Conforme assevera Fábio Barbalho Leite [04], no âmbito da Ciência Jurídico-Tributária, já é notória a discussão em torno de uma necessária distinção das hipóteses de cobrança de preço público e daquela outra ensejadora de imposição de taxa, o que transparece um latente clima de incerteza sobre tal distinção.

Nesse sentido, o estudo do serviço público, de acordo com os préstimos de Direito Tributário, avulta-se pertinente por dois cruciais motivos: para não se cobrar taxa por serviço público que não a ocasiona; e/ou, para não se cobrar preço público quando for o caso de taxa e vice-versa.

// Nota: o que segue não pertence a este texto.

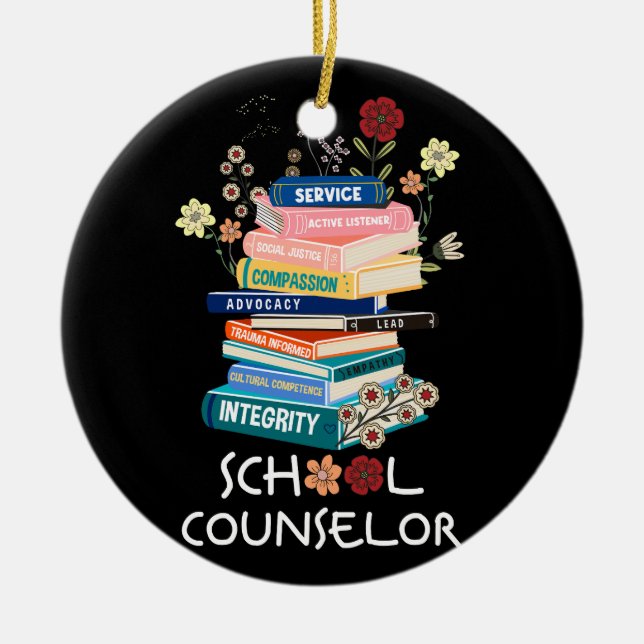 Retro School Counsellor Therapist Mental Health Ad Ceramic Tree Decoration (Front)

Portanto, não restam dúvidas quanto ao matiz jus-administrativista do conceito de serviço público para efeitos fiscais, razão pela qual em se tratando do conhecimento do critério material da hipótese de incidência de um tributo vinculado, sempre encontrar-se-á às voltas com uma relação de Direito Administrativo, no caso, a relação entre o usuário do serviço e o prestador que, mesmo não sendo a Administração Central de uma das pessoas políticas de direito interno, estará representando-a, posto nem a concessão nem a permissão implicarem em transferência da titularidade do serviço público, consoante a mais balizada doutrina.

Portanto, o conceito de serviço público, para fins tributários, está umbilicalmente ligado ao conceito de serviço público atribuído pelo Direito Administrativo.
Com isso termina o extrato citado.